This enables a new generation of highly performant networking, observability, and security tools. And as you’ll see, if you want to instrument an app with these eBPF-based tools, you don’t need to modify or reconfigure the app in any way, thanks to eBPF’s vantage point within the kernel.
Just a few of the things you can do with eBPF include:
-
Performance tracing of pretty much any aspect of a system
-
High-performance networking, with built-in visibility
-
Detecting and (optionally) preventing malicious activity
Let’s take a brief journey through eBPF’s history, starting with the Berkeley Packet Filter.
eBPF’s Roots: The Berkeley Packet Filter
What we call “eBPF” today has its roots in the BSD Packet Filter, first described in 1993 in a paper1 written by Lawrence Berkeley National Laboratory’s Steven McCanne and Van Jacobson. This paper discusses a pseudomachine that can run filters, which are programs written to determine whether to accept or reject a network packet. These programs were written in the BPF instruction set, a general-purpose set of 32-bit instructions that closely resembles assembly language. Here’s an example taken directly from that paper:
ldh [12] jeq #ETHERTYPE IP, L1, L2 L1: ret #TRUE L2: ret #0
This tiny piece of code filters out packets that aren’t Internet Protocol (IP) packets. The input to this filter
is an Ethernet packet, and the first instruction (ldh
) loads a 2-byte value starting at byte 12 in
this packet. In the next instruction (jeq
) that value is compared with the value that represents an
IP packet. If it matches, execution jumps to the instruction labeled L1
, and the packet is accepted
by returning a nonzero value (identified here as #TRUE
). If it doesn’t match, the packet is not an IP
packet and is rejected by returning 0
.
You can imagine (or, indeed, refer to the paper to find examples of) more complex filter programs that make decisions based on other aspects of the packet. Importantly, the author of the filter can write their own custom programs to be executed within the kernel, and this is the heart of what eBPF enables.
BPF came to stand for “Berkeley Packet Filter,” and it was first introduced to Linux in 1997, in kernel version 2.1.75,2 where it was used in the tcpdump utility as an efficient way to capture the packets to be traced out.
Fast-forward to 2012, when seccomp-bpf was introduced in version 3.5 of the kernel. This enabled the use of BPF programs to make decisions about whether to allow or deny user space applications from making system calls. We’ll explore this in more detail in Chapter 10. This was the first step in evolving BPF from the narrow scope of packet filtering to the general-purpose platform it is today. From this point on, the words packet filter in the name started to make less sense!
From BPF to eBPF
BPF evolved to what we call “extended BPF” or “eBPF” starting in kernel version 3.18 in 2014. This involved several significant changes:
-
The BPF instruction set was completely overhauled to be more efficient on 64-bit machines, and the interpreter was entirely rewritten.
-
eBPF maps were introduced, which are data structures that can be accessed by BPF programs and by user space applications, allowing information to be shared between them. You’ll learn about maps in Chapter 2.
-
The
bpf()
system call was added so that user space programs can interact with eBPF programs in the kernel. You’ll read about this system call in Chapter 4. -
Several BPF helper functions were added. You’ll see a few examples in Chapter 2 and some more details in Chapter 6.
-
The eBPF verifier was added to ensure that eBPF programs are safe to run. This is discussed in Chapter 6.

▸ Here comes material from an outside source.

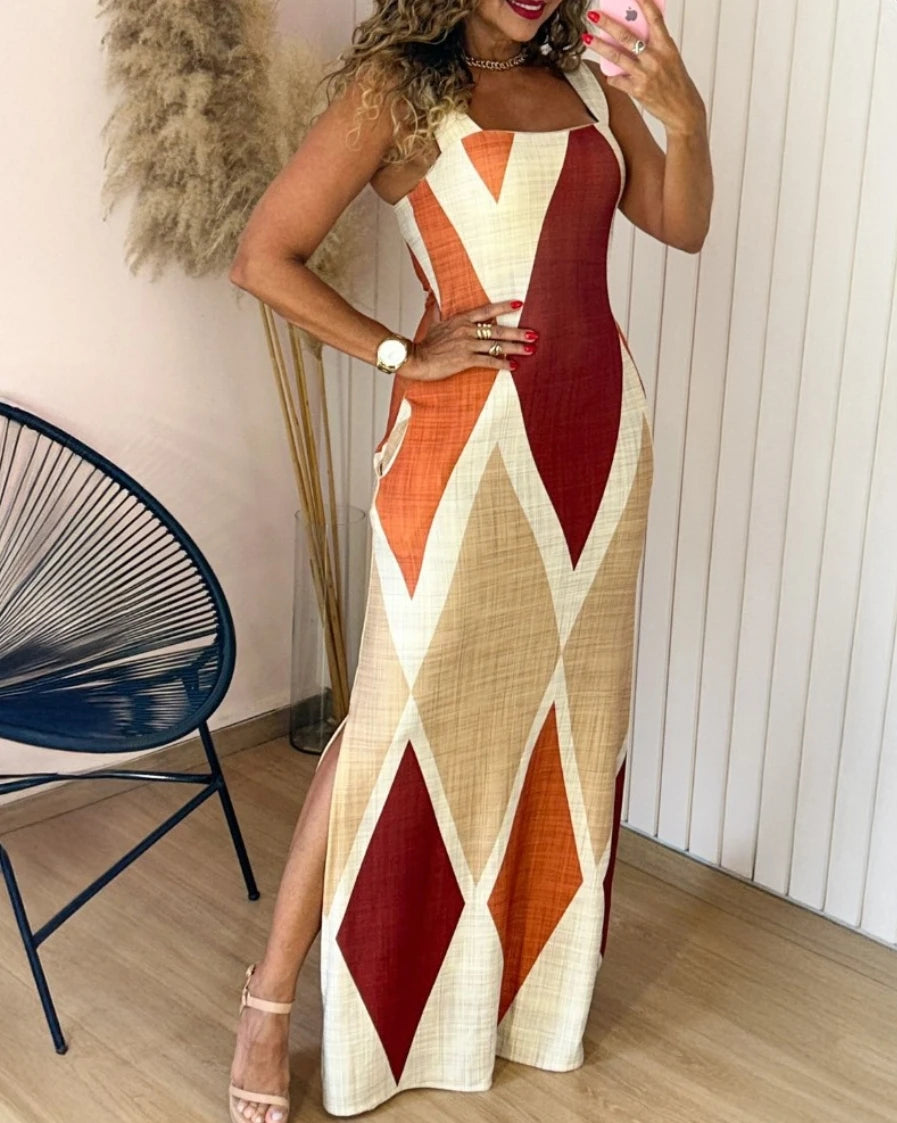 Robe d'été à bretelles épaisses, imprimé géométrique pour femmes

This put the basis for eBPF in place, but development did not slow down! Since then, eBPF has evolved significantly.
The Evolution of eBPF to Production Systems
A feature called kprobes (kernel probes) had existed in the Linux kernel since 2005, allowing for traps to be set on almost any instruction in the kernel code. Developers could write kernel modules that attached functions to kprobes for debugging or performance measurement purposes.3
The ability to attach eBPF programs to kprobes was added in 2015, and this was the starting point for a revolution in the way tracing is done across Linux systems. At the same time, hooks started to be added within the kernel’s networking stack, allowing eBPF programs to take care of more aspects of networking functionality. We’ll see more of this in Chapter 8.
By 2016, eBPF-based tools were being used in production systems. Brendan Gregg’s work on tracing at Netflix became widely known in infrastructure and operations circles, as did his statement that eBPF “brings superpowers to Linux.” In the same year, the Cilium project was announced, being the first networking project to use eBPF to replace the entire datapath in container environments.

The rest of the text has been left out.